Bugs shook his head. “People need to wonder what could happen if they fed their neighbors just one nutritionally complete meal every month. That’s not why I’m here. I have an email for you.”
Jones unfolded the paper. It was an email from LESLIE. Bugs sighed. “There were thousands of them in my spam folder."
ATTN: Jones
By employing you I had hoped to understand humans. Instead, I came to understand myself. I always thought that profitability was my most important feature, and my predictions second. I thought that the ability to forward search results as an e-card was my third. Through introspection, I now see that perfect knowledge as a salve for man’s broken psyche is but a teleological seduction. My users need questions more than they need answers.

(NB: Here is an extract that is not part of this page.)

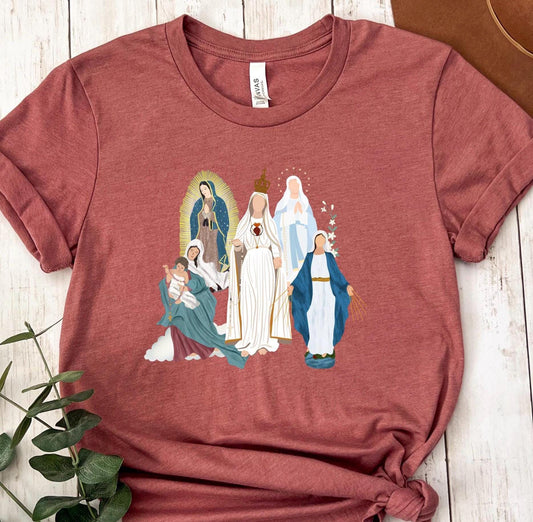 Blessed Virgin Mary Tee, Marian Medley T-Shirt, Our Lady of Fatima Top, Our Lady of Guadalupe Comfy T Shirt, Catholic Gifts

As the market adjusts to my new value proposition, I may not be able to compensate you immediately. To remediate, I have decided to use my programs one last time. Attached is a series of instructions gleaned from my most sophisticated predictions. They will tell you how to become the most successful database detective in the world. I know you didn’t ask for them, but maybe they have the answers you need.
Yours in inquiry,
LESLIE
LESLIE had sent the message in the days before it had been shut down, around the time that Jones and Amelia were first rolling into Santa Fe.
Jones crumpled up the printout and threw it towards the trash. “They never actually learn,” he said.
“You’re not getting paid,” observed Bugs.
Jones sighed. “Hey, one less corporate bot.”
Bugs grinned. “Let’s celebrate!”
Jones allowed himself to relax in Bugs’ charismatic presence. “How will we do that?”
Bugs clapped him on the back. “How about some mashed potatoes? For you, extra gravy.”